▶ Work item
Transcribe exactly, and without pictures, the lines from the one that contains "Oasis on the" through the last line of the material.

▶ Given records
+ + + + + + +

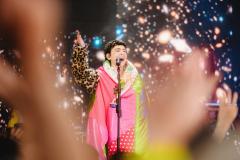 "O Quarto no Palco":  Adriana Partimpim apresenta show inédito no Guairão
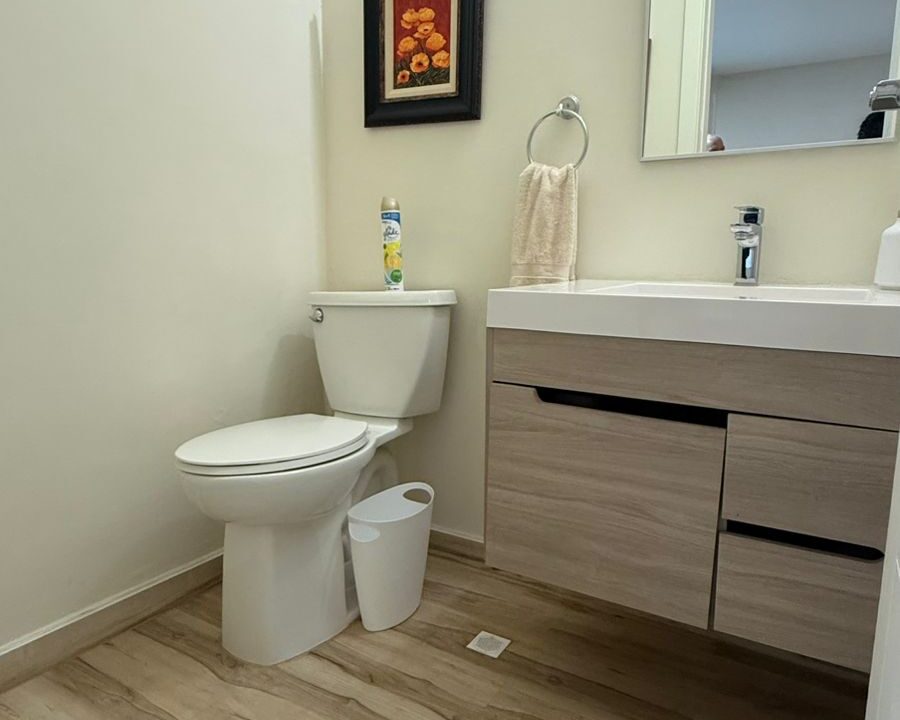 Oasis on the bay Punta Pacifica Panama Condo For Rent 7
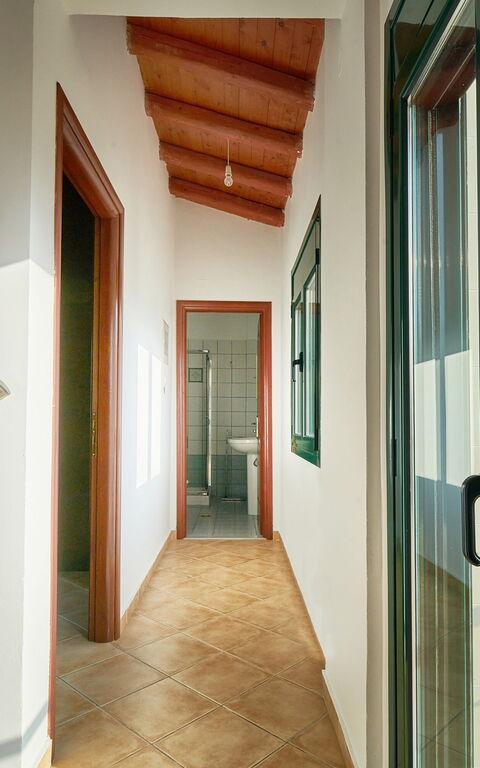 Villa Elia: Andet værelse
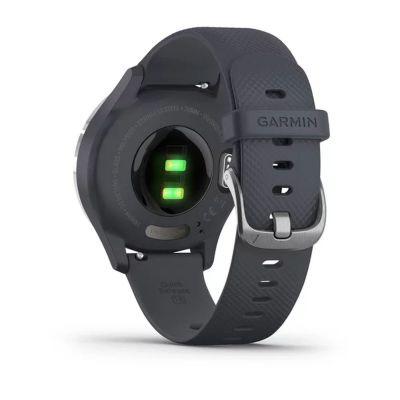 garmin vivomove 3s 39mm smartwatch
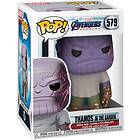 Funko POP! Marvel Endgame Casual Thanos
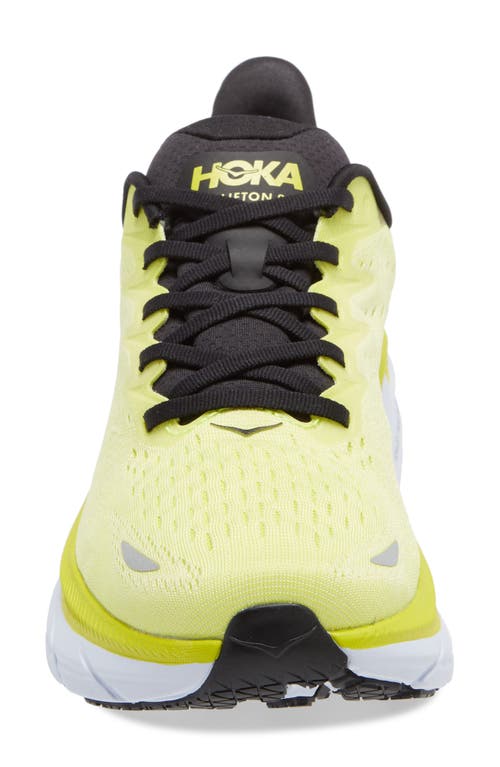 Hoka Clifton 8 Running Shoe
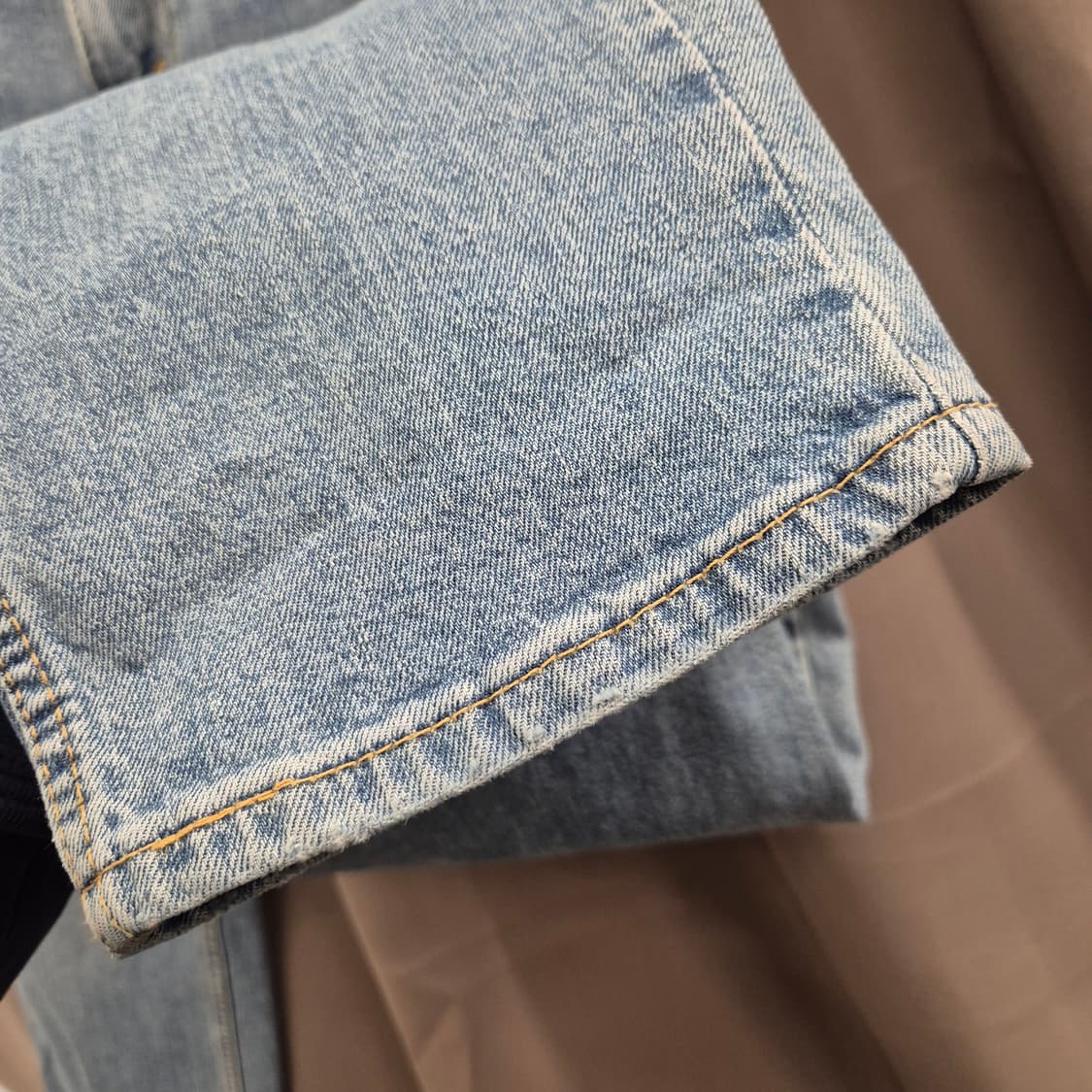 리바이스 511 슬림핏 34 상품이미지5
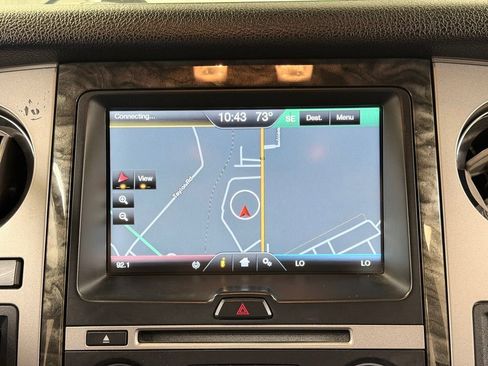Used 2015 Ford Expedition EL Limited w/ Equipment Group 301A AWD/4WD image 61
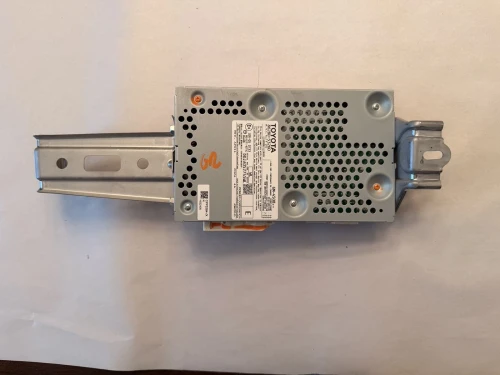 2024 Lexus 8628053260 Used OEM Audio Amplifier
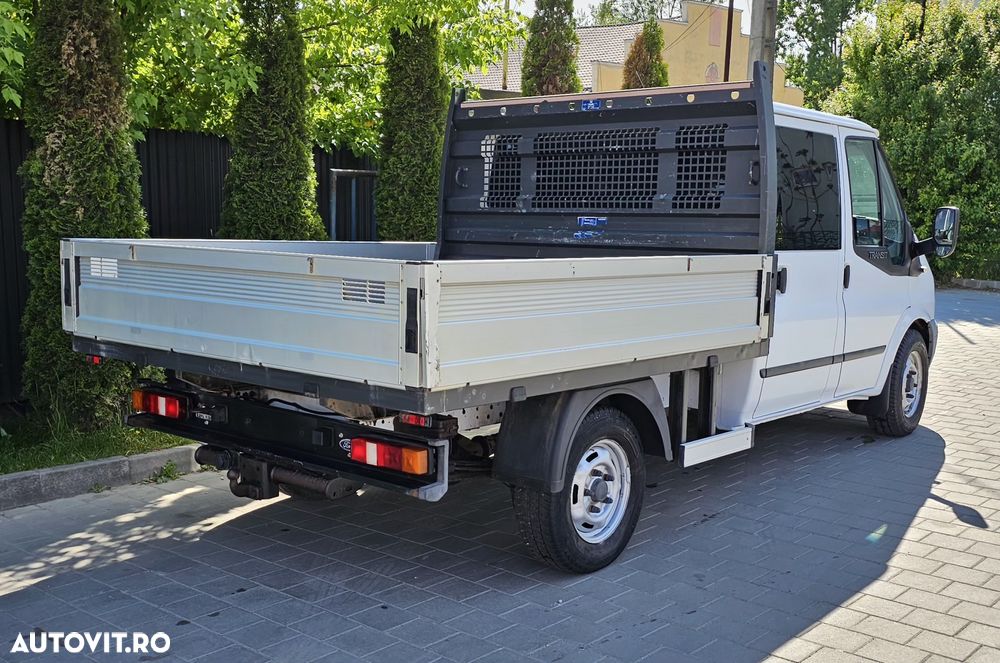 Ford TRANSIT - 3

+ + + + + + +

▶ Task answer
 Oasis on the bay Punta Pacifica Panama Condo For Rent 7
 Villa Elia: Andet værelse
 garmin vivomove 3s 39mm smartwatch
 Funko POP! Marvel Endgame Casual Thanos
 Hoka Clifton 8 Running Shoe
 리바이스 511 슬림핏 34 상품이미지5
Used 2015 Ford Expedition EL Limited w/ Equipment Group 301A AWD/4WD image 61
 2024 Lexus 8628053260 Used OEM Audio Amplifier
 Ford TRANSIT - 3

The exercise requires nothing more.